Schema Tracker

Tracking schema changes in Vstreams

Tracking schema changes in Vstreams #

Motivation #

Currently, Vstreams work with a single (the latest) database schema. On every DDL the schema engine reloads the schema from the database engine.

All Vstreams on a tablet share a common engine. Vstreams that are lagging might be seeing a newer (and hence incorrect) version of the schema in case ddls were applied in between.

In addition reloading schemas is an expensive operation. If there are multiple Vstreams each of them will separately receive a DDL event resulting in multiple reloads for the same DDL.

For full functionality, schema tracking relies on non-default Vitess vttablet options: -watch_replication_stream and -track_schema_versions. Specifically, performing a Vstream from a non-primary tablet while concurrently making DDL changes to the keyspace without one or both of these tablet options will result in incorrect Vstream results.

Goals #

  1. Provide a mechanism for maintaining versions of the schema
  2. Reduce the number of redundant schema loads

Model #

We add a new schema_version table in _vt with columns, including, the gtid position, the schema as of that position, and the ddl that led to this schema. Inserting into this table generates a Version event in Vstream.

Actors #

Schema Engine #

Schema engine gets the schema from the database and only keeps the last (latest) copy it loaded. It notifies subscribers if the schema changes. It polls for the latest schema at intervals or can be explicitly requested to load the schema.

Replication watcher #

Replication watcher is a Vstream that is started by the tabletserver. It notifies subscribers when it encounters a DDL

Version Tracker #

Version tracker runs on the primary. It subscribes to the replication watcher and inserts a new row into the schema_version table with the latest schema.

Version Historian #

Version historian runs on both primary and replica and handles DDL events. For a given GTID it looks up its cache to check if it has a schema valid for that GTID. If not, on the replica, it looks up the schema_version table. If no schema is found then it provides the latest schema which is updated by subscribing to the schema engine’s change notification.

Notes #

  • Schema Engine is an existing service
  • Replication Watcher already exists and is used as an optional Vstream that the user can run. It doesn’t do anything specific: it is used for the side-effect that a Vstream loads the schema on a DDL, to proactively load the latest schema.

Basic Flow for version tracking #

Primary #

Version tracker: #

  1. When the primary comes up the replication watcher (a Vstream) is started from the current GTID position.

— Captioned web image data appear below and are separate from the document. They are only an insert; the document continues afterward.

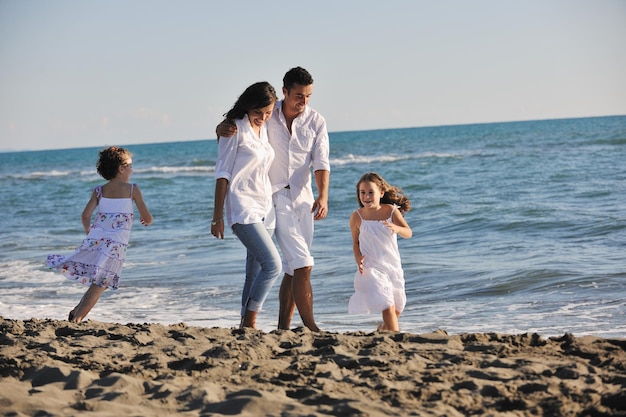 feliz familia joven vestida de blanco diviértete de vacaciones en una hermosa playa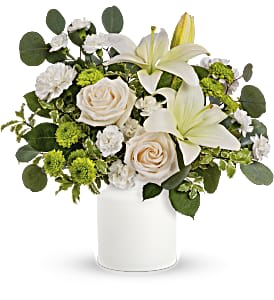 Eternally Elegant  - This ethereal arrangement is a calming, peaceful gesture that shows them you care. Elegant white blooms accompany a timeless white vase. Roses, white lilies and carnations are accented with leaves of fragrant and calming eucalyptus.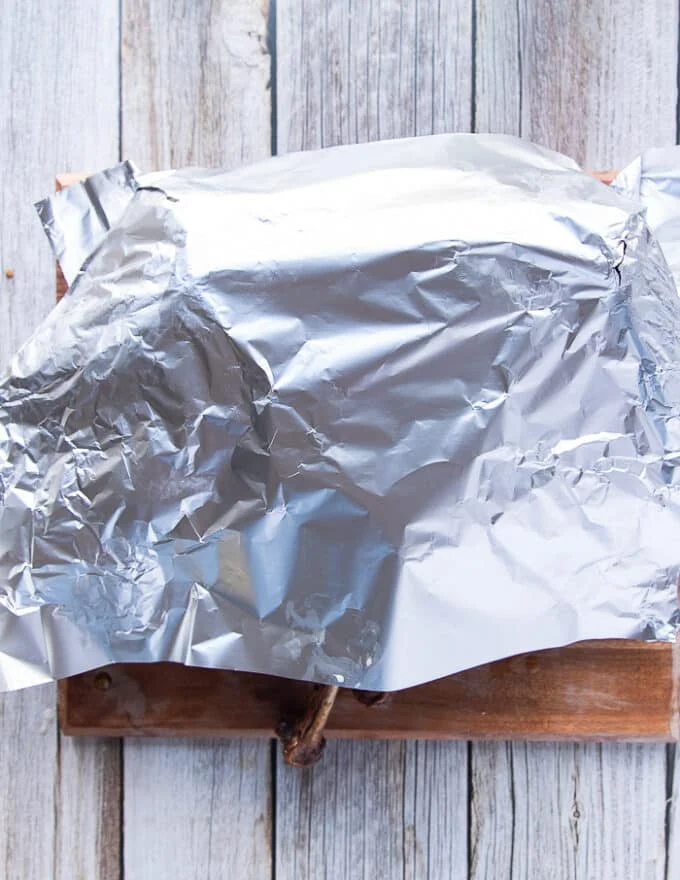 cover the turkey with foil on the cutting board so the juices can distribute before carving.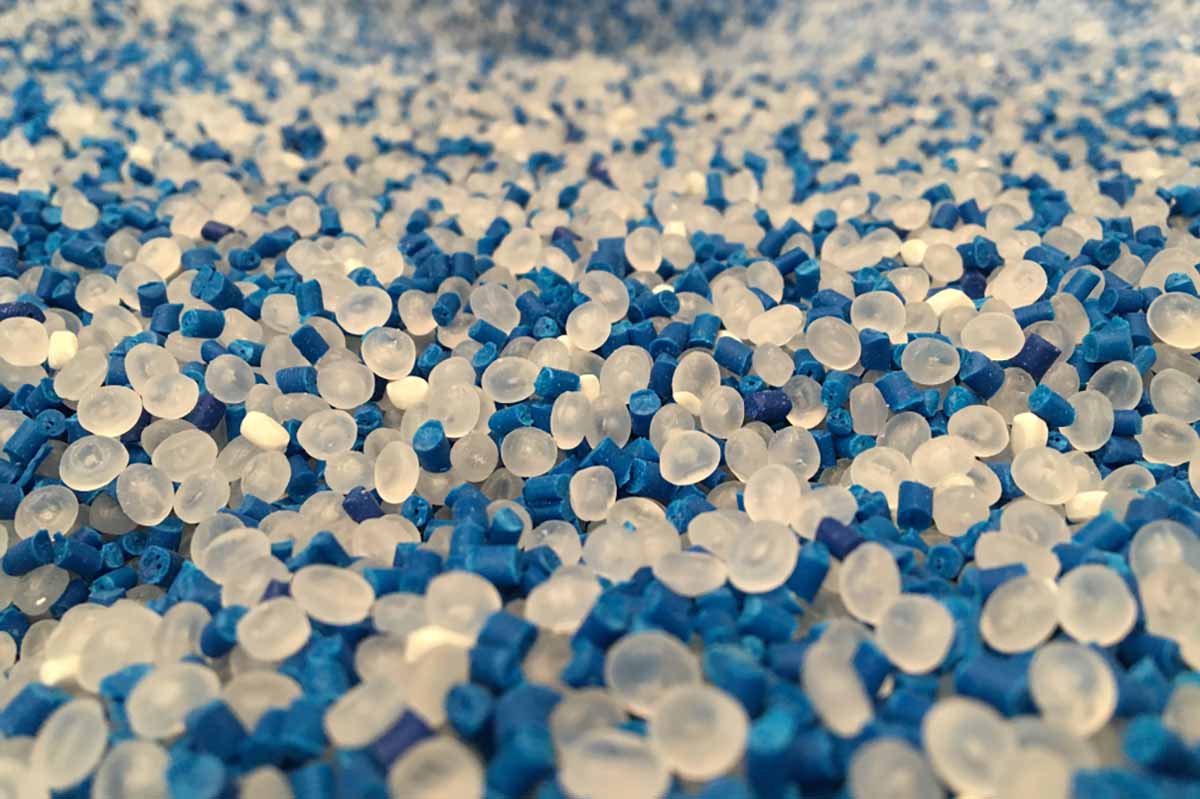 Plastic pellets with blue pigment pellets.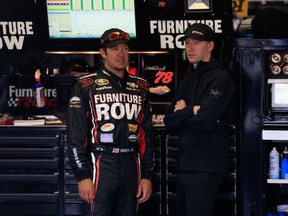 Martin Truex Jr., driver of the #78 Furniture Row/Visser Precision Chevrolet, left, talks with crew chief Cole Pearn during in the garage area practice for the NASCAR Sprint Cup Series Axalta 'We Paint Winners' 400 at Pocono Raceway on June 6, 2015 in Long Pond, Pennsylvania. (Chris Trotman/Getty Images/AFP)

Tracker subscribes to the watcher.
  2. Say, a DDL is applied
  3. The watcher Vstream sees the DDL and
    1. asks the schema engine to reload the schema, also providing the corresponding gtid position
    2. notifies the tracker of a schema change
  4. Tracker stores its latest schema into the _vt.schema_version table associated with the given GTID and DDL

Historian/Vstreams: #

  1. Historian warms its cache from the schema_version table when it loads
  2. When the tracker inserts the latest schema into _vt.schema_version table, the Vstream converts it into a (new) Version event
  3. For every Version event the Vstream registers it with the Historian
  4. On the Version event, the tracker loads the new row from the _vt.schema_version table
  5. When a Vstream needs a new TableMap it asks the Historian for it along with the corresponding GTID.
  6. Historian looks up its cache for a schema version for that GTID. If not present just provides the latest schema it has received from the schema engine.

Replica #

  1. Version tracker does not run: the tracker can only store versions on the primary since it is writing to the database.
  2. Historian functionality is identical to that on the primary.

Flags #

Primary #

Schema version snapshots are stored only on the primary. This is done when the Replication Watcher gets a DDL event resulting in a SchemaUpdated(). There are two independent flows here:

  1. Replication Watcher is running
  2. Schema snapshots are saved to _vt.schema_version when SchemaUpdated is called

Point 2 is performed only when the flag TrackSchemaVersions is enabled. This implies that #1 also has to happen when TrackSchemaVersions is enabled independently of the WatchReplication flag

However if the WatchReplication flag is enabled but TrackSchemaVersions is disabled we still need to run the Replication Watcher since the user has requested it, but we should not store schema versions.

So the logic is:

  1. WatchReplication==true
    => Replication Watcher is running

  2. TrackSchemaVersions==false
    => SchemaUpdated is a noop

  3. TrackSchemaVersions=true
    => Replication Watcher is running
    => SchemaUpdated is handled

The Historian behavior is identical to that of the replica: of course if versions are not stored in _vt.schema_versions it will always provide the latest version of the scheme.

Replica #

Schema versions are never stored on replicas, so SchemaUpdated is always a Noop. Versions are provided as appropriate by the historian. The historian provides the latest schema if there is no appropriate version.

So the logic is:

  1. WatchReplication==true
    => Replication Watcher is running

  2. TrackSchemaVersions==false || true //noop
    => Historian tries to get appropriate schema version

Caveat #

Only best-effort versioning can be provided due to races between DDLs and DMLs. Some examples below:

Situation 1 #

If multiple DDLs are applied in a quick sequence we can end up with the following binlog.

T1: DDL 1 on table1

T2: DDL 2 on table1

T3: Version Event DDL1 // gets written because of the time taken by tracker processing DDL1

T4: DML1 on table1

T5: Version Event DDL2 // gets written AFTER DML1

So now on the replica, at T4, the version historian will incorrectly provide the schema from T1 after DDL1 was applied.

Situation 2 #

If version tracking is turned off on the primary for some time, correct versions may not be available to the historian which will always return the latest schema. This might result in an incorrect schema when a Vstream is processing events in the past.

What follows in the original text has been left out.